(Items from a data source)
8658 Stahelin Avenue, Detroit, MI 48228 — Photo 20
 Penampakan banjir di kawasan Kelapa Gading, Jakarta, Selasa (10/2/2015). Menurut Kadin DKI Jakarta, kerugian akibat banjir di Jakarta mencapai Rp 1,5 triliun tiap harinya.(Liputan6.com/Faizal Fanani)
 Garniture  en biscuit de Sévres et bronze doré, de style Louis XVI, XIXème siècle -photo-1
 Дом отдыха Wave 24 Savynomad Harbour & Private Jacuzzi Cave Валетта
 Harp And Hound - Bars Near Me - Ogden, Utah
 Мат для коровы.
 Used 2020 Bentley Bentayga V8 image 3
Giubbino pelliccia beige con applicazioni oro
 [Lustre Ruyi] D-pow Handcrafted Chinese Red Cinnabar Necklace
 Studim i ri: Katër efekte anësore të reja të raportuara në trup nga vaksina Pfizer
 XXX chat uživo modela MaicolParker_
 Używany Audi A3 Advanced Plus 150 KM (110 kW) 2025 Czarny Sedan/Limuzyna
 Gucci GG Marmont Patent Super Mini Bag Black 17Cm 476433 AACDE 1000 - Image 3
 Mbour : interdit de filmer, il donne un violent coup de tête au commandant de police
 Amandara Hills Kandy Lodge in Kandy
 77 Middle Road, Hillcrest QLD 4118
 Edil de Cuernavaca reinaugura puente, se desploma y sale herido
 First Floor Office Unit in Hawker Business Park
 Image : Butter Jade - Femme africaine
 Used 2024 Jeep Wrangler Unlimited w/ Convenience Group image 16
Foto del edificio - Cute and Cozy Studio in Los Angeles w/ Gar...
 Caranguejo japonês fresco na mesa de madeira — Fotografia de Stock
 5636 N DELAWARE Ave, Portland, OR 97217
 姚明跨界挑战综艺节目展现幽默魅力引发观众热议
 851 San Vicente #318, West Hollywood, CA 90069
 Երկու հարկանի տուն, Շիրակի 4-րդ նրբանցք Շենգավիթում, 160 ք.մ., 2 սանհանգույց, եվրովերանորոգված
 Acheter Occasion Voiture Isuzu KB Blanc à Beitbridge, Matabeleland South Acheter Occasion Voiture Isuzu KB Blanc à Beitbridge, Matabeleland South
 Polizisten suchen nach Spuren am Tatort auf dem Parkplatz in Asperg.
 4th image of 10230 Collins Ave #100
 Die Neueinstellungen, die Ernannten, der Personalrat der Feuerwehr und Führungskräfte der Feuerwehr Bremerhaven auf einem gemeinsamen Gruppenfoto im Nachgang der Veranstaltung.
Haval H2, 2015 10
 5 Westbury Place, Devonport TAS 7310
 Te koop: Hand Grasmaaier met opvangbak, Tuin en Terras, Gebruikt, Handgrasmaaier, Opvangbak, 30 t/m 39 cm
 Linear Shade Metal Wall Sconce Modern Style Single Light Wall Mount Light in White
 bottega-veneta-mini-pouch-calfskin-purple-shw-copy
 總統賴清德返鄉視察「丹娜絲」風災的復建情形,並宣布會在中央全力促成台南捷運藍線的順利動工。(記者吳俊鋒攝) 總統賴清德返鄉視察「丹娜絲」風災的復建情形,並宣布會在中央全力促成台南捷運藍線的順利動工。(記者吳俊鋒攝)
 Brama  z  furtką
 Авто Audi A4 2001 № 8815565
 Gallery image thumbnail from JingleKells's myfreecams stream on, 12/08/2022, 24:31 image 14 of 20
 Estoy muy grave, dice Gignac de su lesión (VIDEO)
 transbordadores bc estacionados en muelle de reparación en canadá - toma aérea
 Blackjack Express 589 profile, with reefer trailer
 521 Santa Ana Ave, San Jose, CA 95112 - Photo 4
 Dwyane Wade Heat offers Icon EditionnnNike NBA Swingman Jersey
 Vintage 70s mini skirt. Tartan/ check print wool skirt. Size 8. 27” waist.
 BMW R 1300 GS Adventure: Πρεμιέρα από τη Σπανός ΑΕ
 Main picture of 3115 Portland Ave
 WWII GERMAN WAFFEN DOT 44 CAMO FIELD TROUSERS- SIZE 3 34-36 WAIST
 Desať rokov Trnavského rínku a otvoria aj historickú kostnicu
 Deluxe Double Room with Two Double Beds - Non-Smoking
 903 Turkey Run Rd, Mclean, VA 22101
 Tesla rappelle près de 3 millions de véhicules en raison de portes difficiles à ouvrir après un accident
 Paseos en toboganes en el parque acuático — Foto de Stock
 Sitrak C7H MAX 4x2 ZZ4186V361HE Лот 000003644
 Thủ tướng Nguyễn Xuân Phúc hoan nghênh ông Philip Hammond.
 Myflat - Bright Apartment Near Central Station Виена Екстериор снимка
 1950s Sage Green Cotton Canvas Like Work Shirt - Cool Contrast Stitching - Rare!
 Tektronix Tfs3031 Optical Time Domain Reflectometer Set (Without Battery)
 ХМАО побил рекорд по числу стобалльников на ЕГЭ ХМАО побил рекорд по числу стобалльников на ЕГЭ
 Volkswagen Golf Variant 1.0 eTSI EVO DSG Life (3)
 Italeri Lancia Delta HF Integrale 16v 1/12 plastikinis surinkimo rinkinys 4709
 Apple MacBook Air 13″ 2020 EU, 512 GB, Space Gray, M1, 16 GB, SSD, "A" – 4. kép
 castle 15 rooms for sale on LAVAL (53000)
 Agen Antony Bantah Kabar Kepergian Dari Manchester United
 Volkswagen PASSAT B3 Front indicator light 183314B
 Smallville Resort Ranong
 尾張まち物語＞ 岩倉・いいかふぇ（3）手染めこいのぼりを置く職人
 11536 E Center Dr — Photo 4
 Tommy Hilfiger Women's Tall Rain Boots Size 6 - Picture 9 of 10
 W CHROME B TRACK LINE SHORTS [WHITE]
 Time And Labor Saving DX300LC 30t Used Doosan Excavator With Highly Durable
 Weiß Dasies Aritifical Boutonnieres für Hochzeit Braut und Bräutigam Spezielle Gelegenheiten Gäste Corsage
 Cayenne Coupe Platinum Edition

- What to work on -
Write out the records shown above, exactly as they appear.

- Response -
8658 Stahelin Avenue, Detroit, MI 48228 — Photo 20
 Penampakan banjir di kawasan Kelapa Gading, Jakarta, Selasa (10/2/2015). Menurut Kadin DKI Jakarta, kerugian akibat banjir di Jakarta mencapai Rp 1,5 triliun tiap harinya.(Liputan6.com/Faizal Fanani)
 Garniture  en biscuit de Sévres et bronze doré, de style Louis XVI, XIXème siècle -photo-1
 Дом отдыха Wave 24 Savynomad Harbour & Private Jacuzzi Cave Валетта
 Harp And Hound - Bars Near Me - Ogden, Utah
 Мат для коровы.
 Used 2020 Bentley Bentayga V8 image 3
Giubbino pelliccia beige con applicazioni oro
 [Lustre Ruyi] D-pow Handcrafted Chinese Red Cinnabar Necklace
 Studim i ri: Katër efekte anësore të reja të raportuara në trup nga vaksina Pfizer
 XXX chat uživo modela MaicolParker_
 Używany Audi A3 Advanced Plus 150 KM (110 kW) 2025 Czarny Sedan/Limuzyna
 Gucci GG Marmont Patent Super Mini Bag Black 17Cm 476433 AACDE 1000 - Image 3
 Mbour : interdit de filmer, il donne un violent coup de tête au commandant de police
 Amandara Hills Kandy Lodge in Kandy
 77 Middle Road, Hillcrest QLD 4118
 Edil de Cuernavaca reinaugura puente, se desploma y sale herido
 First Floor Office Unit in Hawker Business Park
 Image : Butter Jade - Femme africaine
 Used 2024 Jeep Wrangler Unlimited w/ Convenience Group image 16
Foto del edificio - Cute and Cozy Studio in Los Angeles w/ Gar...
 Caranguejo japonês fresco na mesa de madeira — Fotografia de Stock
 5636 N DELAWARE Ave, Portland, OR 97217
 姚明跨界挑战综艺节目展现幽默魅力引发观众热议
 851 San Vicente #318, West Hollywood, CA 90069
 Երկու հարկանի տուն, Շիրակի 4-րդ նրբանցք Շենգավիթում, 160 ք.մ., 2 սանհանգույց, եվրովերանորոգված
 Acheter Occasion Voiture Isuzu KB Blanc à Beitbridge, Matabeleland South Acheter Occasion Voiture Isuzu KB Blanc à Beitbridge, Matabeleland South
 Polizisten suchen nach Spuren am Tatort auf dem Parkplatz in Asperg.
 4th image of 10230 Collins Ave #100
 Die Neueinstellungen, die Ernannten, der Personalrat der Feuerwehr und Führungskräfte der Feuerwehr Bremerhaven auf einem gemeinsamen Gruppenfoto im Nachgang der Veranstaltung.
Haval H2, 2015 10
 5 Westbury Place, Devonport TAS 7310
 Te koop: Hand Grasmaaier met opvangbak, Tuin en Terras, Gebruikt, Handgrasmaaier, Opvangbak, 30 t/m 39 cm
 Linear Shade Metal Wall Sconce Modern Style Single Light Wall Mount Light in White
 bottega-veneta-mini-pouch-calfskin-purple-shw-copy
 總統賴清德返鄉視察「丹娜絲」風災的復建情形,並宣布會在中央全力促成台南捷運藍線的順利動工。(記者吳俊鋒攝) 總統賴清德返鄉視察「丹娜絲」風災的復建情形,並宣布會在中央全力促成台南捷運藍線的順利動工。(記者吳俊鋒攝)
 Brama  z  furtką
 Авто Audi A4 2001 № 8815565
 Gallery image thumbnail from JingleKells's myfreecams stream on, 12/08/2022, 24:31 image 14 of 20
 Estoy muy grave, dice Gignac de su lesión (VIDEO)
 transbordadores bc estacionados en muelle de reparación en canadá - toma aérea
 Blackjack Express 589 profile, with reefer trailer
 521 Santa Ana Ave, San Jose, CA 95112 - Photo 4
 Dwyane Wade Heat offers Icon EditionnnNike NBA Swingman Jersey
 Vintage 70s mini skirt. Tartan/ check print wool skirt. Size 8. 27” waist.
 BMW R 1300 GS Adventure: Πρεμιέρα από τη Σπανός ΑΕ
 Main picture of 3115 Portland Ave
 WWII GERMAN WAFFEN DOT 44 CAMO FIELD TROUSERS- SIZE 3 34-36 WAIST
 Desať rokov Trnavského rínku a otvoria aj historickú kostnicu
 Deluxe Double Room with Two Double Beds - Non-Smoking
 903 Turkey Run Rd, Mclean, VA 22101
 Tesla rappelle près de 3 millions de véhicules en raison de portes difficiles à ouvrir après un accident
 Paseos en toboganes en el parque acuático — Foto de Stock
 Sitrak C7H MAX 4x2 ZZ4186V361HE Лот 000003644
 Thủ tướng Nguyễn Xuân Phúc hoan nghênh ông Philip Hammond.
 Myflat - Bright Apartment Near Central Station Виена Екстериор снимка
 1950s Sage Green Cotton Canvas Like Work Shirt - Cool Contrast Stitching - Rare!
 Tektronix Tfs3031 Optical Time Domain Reflectometer Set (Without Battery)
 ХМАО побил рекорд по числу стобалльников на ЕГЭ ХМАО побил рекорд по числу стобалльников на ЕГЭ
 Volkswagen Golf Variant 1.0 eTSI EVO DSG Life (3)
 Italeri Lancia Delta HF Integrale 16v 1/12 plastikinis surinkimo rinkinys 4709
 Apple MacBook Air 13″ 2020 EU, 512 GB, Space Gray, M1, 16 GB, SSD, "A" – 4. kép
 castle 15 rooms for sale on LAVAL (53000)
 Agen Antony Bantah Kabar Kepergian Dari Manchester United
 Volkswagen PASSAT B3 Front indicator light 183314B
 Smallville Resort Ranong
 尾張まち物語＞ 岩倉・いいかふぇ（3）手染めこいのぼりを置く職人
 11536 E Center Dr — Photo 4
 Tommy Hilfiger Women's Tall Rain Boots Size 6 - Picture 9 of 10
 W CHROME B TRACK LINE SHORTS [WHITE]
 Time And Labor Saving DX300LC 30t Used Doosan Excavator With Highly Durable
 Weiß Dasies Aritifical Boutonnieres für Hochzeit Braut und Bräutigam Spezielle Gelegenheiten Gäste Corsage
 Cayenne Coupe Platinum Edition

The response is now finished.